While there were encouraging signs that the market will re-open by 2009 — when some borrowers might be able to access funds through club loans and pre-export financing structures — attendees at the Euromoney seminar on loans in the CEE in Vienna this week warned the market would not truly get back on the road to recovery until transactions were syndicated again.

"The syndicated loan market as we’ve known it in the last couple of years is gone," one loans banker said at the conference, conducted off the record.

The revival of the market might be further delayed by the lack of real syndications expected at least in the first half of 2009, as lenders will not be addressing the problem of how to price deals attractively for sell-down in the wider market.

"I think club deals stall the market," said one banker speaking on a panel. "I can see why we are doing them, and they are a short term solution, but it delays the inevitable, and we need to find a suitable pricing mechanism."

In Russia in particular, any syndications launched after Lehman Brothers’ bankruptcy have struggled to gain traction, even though on many the pricing was flexed upwards. Steel maker Severstal, for example, failed to pick up any commitments in general syndication on its recent $1.2bn loan, although the margin was increased by 50bp.

While bankers are in no doubt that pricing is in for a big jump next year, many are uncertain of whether a pricing floor had been established yet.

Some suggested that the loans extended by Vnesheconombank, the Russian state development bank, to the country’s ailing borrowers, had at least provided a preliminary floor for next year’s transactions. Vnesheconombank is helping corporate and bank borrowers repay their foreign debt by granting them funds at 500bp over Libor.

"Vnesheconombank has provided a benchmark of some sort at least," one loans banker told EuroWeek. "Their loans come in at 500bp, but with a lot of strings attached. Borrowers may be willing now to pay a bit more than that to foreign lenders, so they can avoid going to Vnesheconombank, and get it without any big restrictions. And if they are not able to get it from Vnesheconombank at all, they might be willing to pay a lot more."



New pricing mechanisms

Loans bankers also said this week that it was not just setting margins they were concerned about — but about pricing methods too. Many officials at the Vienna conference urged market participants to come up with solutions about how to price transactions and kick-start the market.

"Until people in this room recognise the severity of this crisis, the market is not going to start again," said another banker in Vienna. "We need to think radically in terms of providing solutions, although there are many prerequisites outside our control that we need to get this market started."

Worries about whether or not Libor has been reflective of lenders’ cost of funds have been coupled with escalating worries about the financial stability of the region, making it increasingly difficult to set pricing on loans to make them attractive to lenders.
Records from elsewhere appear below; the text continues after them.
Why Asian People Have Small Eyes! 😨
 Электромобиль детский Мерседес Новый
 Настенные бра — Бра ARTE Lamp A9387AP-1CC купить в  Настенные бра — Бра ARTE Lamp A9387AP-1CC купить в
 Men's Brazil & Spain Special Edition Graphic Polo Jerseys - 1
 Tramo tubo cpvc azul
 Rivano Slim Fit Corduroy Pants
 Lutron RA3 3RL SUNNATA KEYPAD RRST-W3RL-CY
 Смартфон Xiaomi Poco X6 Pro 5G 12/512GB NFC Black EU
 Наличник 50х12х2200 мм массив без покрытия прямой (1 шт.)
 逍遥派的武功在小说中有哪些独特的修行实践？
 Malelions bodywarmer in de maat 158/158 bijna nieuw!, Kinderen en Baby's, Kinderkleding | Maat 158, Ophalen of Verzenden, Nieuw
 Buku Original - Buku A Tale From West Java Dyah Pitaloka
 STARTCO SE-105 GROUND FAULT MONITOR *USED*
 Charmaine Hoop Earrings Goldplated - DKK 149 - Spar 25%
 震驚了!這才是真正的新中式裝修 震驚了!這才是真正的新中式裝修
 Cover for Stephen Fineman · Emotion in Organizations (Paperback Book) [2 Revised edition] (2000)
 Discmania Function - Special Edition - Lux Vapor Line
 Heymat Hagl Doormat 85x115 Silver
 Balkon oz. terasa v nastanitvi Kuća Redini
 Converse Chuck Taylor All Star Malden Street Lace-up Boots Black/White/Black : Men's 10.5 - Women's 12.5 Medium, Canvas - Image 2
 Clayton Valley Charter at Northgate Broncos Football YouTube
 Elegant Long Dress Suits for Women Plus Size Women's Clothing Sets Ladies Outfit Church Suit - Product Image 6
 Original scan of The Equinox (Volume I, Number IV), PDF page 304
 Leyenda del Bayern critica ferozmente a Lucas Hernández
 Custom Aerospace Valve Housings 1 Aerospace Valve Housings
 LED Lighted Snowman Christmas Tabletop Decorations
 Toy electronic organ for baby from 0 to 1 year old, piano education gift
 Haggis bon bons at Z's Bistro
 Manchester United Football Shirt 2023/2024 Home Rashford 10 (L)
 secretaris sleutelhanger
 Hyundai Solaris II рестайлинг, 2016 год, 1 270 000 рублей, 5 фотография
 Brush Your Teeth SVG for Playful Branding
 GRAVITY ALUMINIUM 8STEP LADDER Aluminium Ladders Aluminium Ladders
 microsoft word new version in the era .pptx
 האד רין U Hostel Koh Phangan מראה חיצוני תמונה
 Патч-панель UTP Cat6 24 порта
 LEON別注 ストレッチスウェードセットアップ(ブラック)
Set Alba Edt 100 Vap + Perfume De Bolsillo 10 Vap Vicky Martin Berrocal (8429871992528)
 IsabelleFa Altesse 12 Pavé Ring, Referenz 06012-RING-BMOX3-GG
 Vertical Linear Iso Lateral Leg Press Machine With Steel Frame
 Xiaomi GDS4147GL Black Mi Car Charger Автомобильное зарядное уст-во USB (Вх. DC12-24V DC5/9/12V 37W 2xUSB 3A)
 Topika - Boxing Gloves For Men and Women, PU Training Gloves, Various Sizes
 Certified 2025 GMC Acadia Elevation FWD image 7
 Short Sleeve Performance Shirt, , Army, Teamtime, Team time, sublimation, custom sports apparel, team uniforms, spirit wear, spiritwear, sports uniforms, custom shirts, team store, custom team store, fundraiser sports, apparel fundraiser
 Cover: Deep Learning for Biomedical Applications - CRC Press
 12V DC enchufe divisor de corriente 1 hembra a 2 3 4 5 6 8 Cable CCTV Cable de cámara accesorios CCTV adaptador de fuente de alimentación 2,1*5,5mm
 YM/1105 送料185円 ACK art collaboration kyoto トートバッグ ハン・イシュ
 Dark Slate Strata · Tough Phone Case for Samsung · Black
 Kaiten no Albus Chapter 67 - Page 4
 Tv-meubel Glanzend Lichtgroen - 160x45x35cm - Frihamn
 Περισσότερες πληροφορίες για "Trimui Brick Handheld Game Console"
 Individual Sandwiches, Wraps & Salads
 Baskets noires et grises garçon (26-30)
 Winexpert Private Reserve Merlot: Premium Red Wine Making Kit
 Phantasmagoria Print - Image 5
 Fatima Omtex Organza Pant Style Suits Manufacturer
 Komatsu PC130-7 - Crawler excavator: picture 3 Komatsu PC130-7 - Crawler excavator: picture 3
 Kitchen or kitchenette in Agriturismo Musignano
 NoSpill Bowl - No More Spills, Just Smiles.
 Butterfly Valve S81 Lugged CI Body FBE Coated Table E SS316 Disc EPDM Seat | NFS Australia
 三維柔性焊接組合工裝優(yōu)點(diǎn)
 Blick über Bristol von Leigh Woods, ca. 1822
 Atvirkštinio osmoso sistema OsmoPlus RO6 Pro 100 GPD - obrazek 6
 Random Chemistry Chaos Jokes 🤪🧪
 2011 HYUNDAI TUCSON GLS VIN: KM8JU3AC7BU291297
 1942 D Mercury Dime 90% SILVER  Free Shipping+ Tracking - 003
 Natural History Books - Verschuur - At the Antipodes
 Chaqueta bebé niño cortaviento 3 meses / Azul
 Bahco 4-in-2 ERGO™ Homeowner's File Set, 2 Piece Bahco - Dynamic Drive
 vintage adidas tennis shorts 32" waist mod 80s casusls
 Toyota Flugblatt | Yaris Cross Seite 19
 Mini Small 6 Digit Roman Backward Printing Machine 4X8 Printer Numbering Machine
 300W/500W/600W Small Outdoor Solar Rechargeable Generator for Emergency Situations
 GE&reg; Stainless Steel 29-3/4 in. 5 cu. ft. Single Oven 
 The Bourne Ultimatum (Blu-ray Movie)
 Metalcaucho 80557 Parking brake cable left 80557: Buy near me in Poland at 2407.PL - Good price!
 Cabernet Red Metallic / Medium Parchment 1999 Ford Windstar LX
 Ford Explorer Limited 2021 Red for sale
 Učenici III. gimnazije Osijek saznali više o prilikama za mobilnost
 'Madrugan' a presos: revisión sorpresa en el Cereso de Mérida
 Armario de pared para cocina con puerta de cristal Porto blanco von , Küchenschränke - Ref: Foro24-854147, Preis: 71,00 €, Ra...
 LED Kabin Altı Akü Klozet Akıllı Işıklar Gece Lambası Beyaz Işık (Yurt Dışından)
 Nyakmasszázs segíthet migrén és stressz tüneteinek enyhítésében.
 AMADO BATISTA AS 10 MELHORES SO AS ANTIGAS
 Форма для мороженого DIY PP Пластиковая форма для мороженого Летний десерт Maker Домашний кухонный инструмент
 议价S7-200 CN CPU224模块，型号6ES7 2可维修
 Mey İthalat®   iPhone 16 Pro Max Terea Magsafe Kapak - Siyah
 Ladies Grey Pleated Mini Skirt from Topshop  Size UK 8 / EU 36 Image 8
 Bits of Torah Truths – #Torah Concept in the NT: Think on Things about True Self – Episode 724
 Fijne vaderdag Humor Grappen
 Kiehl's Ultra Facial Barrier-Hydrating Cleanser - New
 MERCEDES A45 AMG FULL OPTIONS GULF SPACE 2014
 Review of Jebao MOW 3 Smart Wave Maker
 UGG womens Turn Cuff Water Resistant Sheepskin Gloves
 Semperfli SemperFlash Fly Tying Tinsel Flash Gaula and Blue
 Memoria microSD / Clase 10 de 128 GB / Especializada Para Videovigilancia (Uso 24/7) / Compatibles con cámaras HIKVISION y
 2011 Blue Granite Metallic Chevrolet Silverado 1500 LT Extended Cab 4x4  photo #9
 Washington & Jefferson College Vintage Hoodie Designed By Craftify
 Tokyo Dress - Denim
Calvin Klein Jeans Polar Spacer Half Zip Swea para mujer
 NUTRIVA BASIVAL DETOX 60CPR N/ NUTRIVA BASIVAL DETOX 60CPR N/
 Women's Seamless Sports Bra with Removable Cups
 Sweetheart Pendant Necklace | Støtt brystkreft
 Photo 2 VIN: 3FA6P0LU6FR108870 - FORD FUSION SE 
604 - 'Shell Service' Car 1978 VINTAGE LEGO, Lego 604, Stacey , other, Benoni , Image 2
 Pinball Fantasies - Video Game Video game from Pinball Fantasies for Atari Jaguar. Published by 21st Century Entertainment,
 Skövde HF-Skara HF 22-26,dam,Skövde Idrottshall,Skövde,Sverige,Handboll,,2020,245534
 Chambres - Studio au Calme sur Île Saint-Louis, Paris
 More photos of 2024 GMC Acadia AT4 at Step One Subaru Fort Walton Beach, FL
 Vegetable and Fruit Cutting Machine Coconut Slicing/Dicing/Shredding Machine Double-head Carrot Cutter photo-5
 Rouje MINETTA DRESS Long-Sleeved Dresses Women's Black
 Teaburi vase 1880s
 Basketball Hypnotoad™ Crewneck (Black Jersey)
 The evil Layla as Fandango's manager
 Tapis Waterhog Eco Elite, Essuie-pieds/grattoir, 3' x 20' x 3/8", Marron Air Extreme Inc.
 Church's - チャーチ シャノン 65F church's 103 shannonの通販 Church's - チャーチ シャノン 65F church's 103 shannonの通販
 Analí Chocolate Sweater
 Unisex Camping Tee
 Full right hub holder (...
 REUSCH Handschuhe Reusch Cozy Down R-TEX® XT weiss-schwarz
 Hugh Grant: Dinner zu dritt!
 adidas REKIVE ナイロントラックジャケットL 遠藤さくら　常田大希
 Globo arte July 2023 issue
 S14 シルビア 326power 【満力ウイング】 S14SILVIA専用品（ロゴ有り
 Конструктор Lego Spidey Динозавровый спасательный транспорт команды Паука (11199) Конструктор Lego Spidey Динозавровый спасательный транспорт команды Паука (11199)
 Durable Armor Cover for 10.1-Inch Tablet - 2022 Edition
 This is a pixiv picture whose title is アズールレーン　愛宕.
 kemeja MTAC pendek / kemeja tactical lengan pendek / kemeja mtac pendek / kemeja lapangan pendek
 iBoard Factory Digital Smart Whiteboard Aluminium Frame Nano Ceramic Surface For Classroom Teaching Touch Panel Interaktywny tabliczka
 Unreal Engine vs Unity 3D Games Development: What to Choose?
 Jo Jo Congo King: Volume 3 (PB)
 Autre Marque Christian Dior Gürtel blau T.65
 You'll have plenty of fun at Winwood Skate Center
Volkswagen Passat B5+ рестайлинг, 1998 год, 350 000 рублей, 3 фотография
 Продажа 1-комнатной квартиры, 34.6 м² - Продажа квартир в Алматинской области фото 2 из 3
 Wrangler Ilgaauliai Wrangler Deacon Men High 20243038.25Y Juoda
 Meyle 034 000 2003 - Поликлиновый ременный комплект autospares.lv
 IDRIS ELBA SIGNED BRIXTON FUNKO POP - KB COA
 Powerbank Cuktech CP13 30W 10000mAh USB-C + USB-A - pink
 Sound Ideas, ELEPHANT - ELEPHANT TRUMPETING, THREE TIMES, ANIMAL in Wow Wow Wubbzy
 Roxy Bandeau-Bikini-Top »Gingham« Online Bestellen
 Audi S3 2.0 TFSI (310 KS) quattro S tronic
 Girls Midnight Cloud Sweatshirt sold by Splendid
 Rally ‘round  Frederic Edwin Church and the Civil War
"We are brainstorming about ideas, and looking at CDS pricing, or perhaps blending three month Libor with the overnight index," said one banker.

Others added that they had looked at the more widespread introduction of bank reference rates for loans in the region, in a move away from screen-based Libor.

But as well as pricing, another concern next year is banks’ ability to lend to the region in the same way as before. With many western European lenders hit by the financial crisis — and with many receiving government aid in the form of loans and guarantees — loans bankers are increasingly worried about how much capital banks will allocate to lending in central and eastern Europe next year.

"The big question is what restrictions will be placed on banks going forward?" one banker at a German institution asked at the conference. "We are kidding ourselves if we think we’re going to be able to do business like in the past, especially for government-owned banks."

The concern was echoed among bankers throughout the two days of the conference, with many reiterating that lenders would be forced to concentrate on their core markets next year.

"Lending to Russia is unfortunately way down on the list of things to do at the moment," one banker commented.